In a recent large project we were faced with all of these issues. The data model that was used was a customized National Information Exchange Model (NIEM) data model. The NIEM data model is very complex. NIEM uses redirection and references that on the surface makes the data model hard to understand and navigate. We were faced with the prospect of trying to convey the data model to literally hundreds, possibly thousands, of business analysts and developers (mostly JAVA) in an efficient and understandable way. The consumers of the data model were unknown to us. Their skill level and understanding of NIEM were unknown, although we suspected that this understanding was low, especially where NIEM was concerned.

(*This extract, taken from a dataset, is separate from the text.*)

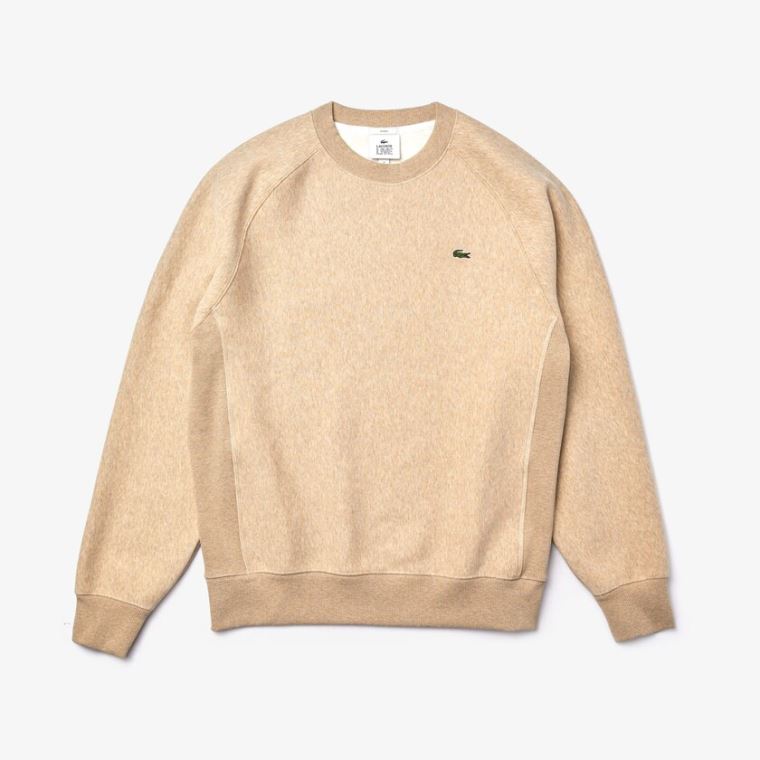 Lacoste LIVE Branded Fleece Sweatshirt Beige | hgevGY5Q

This paper will describe an approach that I developed for conveying the complexities of the data model. Although, at first I thought it was a 'crazy' idea, it proved to be very useful and much more efficient in understanding the data model.
Challenges
NIEM is an XML vocabulary for describing information. NEIM creates profiles based on specific business domains. NIEM was designed as an exchange model. The XML schemas and information artifacts are packaged into what NIEM calls an Information Exchange Package Documentation (IEPD). The directory structure of an IEPD is complex. At the leaf of every directory are one or more schemas that is referenced by another schema. Individuals that have worked with XML are able to pick up a W3C Schema, DTD or RelaxNG schema and obtain an understanding of the schema. The fragmentation and referencing used in NIEM makes it virtually impossible to gain knowledge by reading the schemas.

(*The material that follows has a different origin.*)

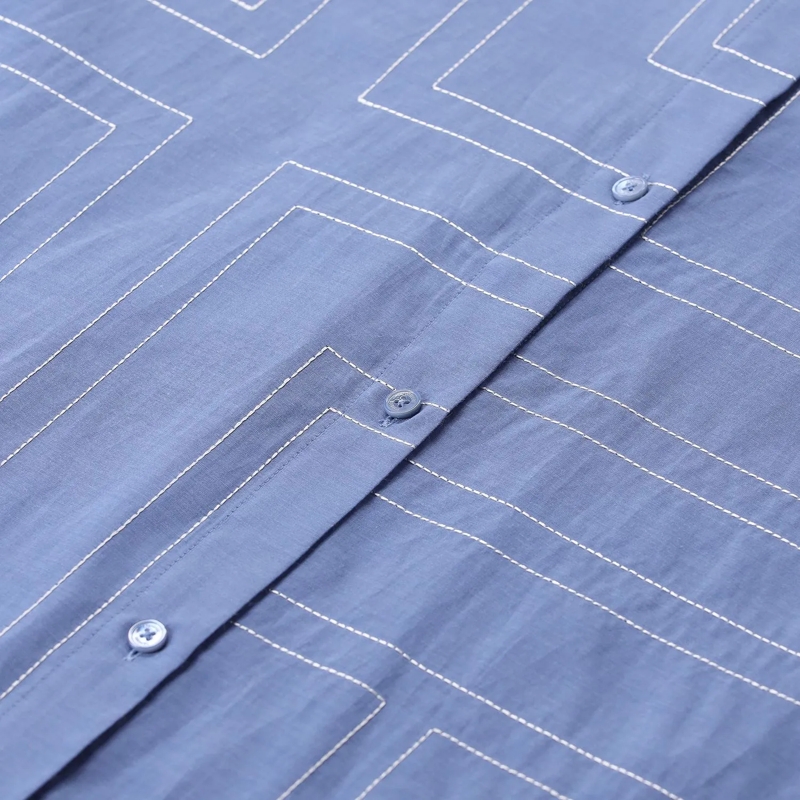 TOTEME Mini-robe Blusenkleid aus Bio-Baumwollmix blau(Image 4)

The project that this paper concerns was and continues to be a very large project. There are hundreds of organizations (federal government, state governments, local governments and commercial) that were required to use the IEPD to exchange information between the various organizations.
There are also hundreds, maybe thousands of consumers of the information. The actual consumers of the IEPD were unknown at the project level, except at a high level. We knew that the types of consumers would be:
-
Business Analysts
-
Programmers (JAVA, C++, possibly COBOL)
-
Technical Writers
-
Relational Database Developers/Administrators
-
Testers
-
XML Professionals (XQuery, XSLT, Transformations)
We were faced with the challenge of how to provide documentation that would convey information about 460+ elements in a meaningful way to prospective consumers. Even with a constraint schema, most of the elements were optional and used based on specific scenarios of the data.
NIEM Directory Structure
The structure of the schema is rigidly controlled by NIEM and the IEPD specification. Below is an example of an IEPD that was used to support this methodology.
NIEM Directory Structure
The IEPD in the above directory structure contains a total of 30 schemas.
NIEM Flexibility
NIEM by default has no constraints. What this means is that the structure is somewhat rigorous but all the elements, except the root element are optional. Most organizations cannot sustain a data model without constraints. NIEM has a concept of 'unconstrained' and 'constrained' data model. If an organization decides to constrain its data model it must maintain 2 copies of the schema (constrained and unconstrained) and provide both in the IEPD.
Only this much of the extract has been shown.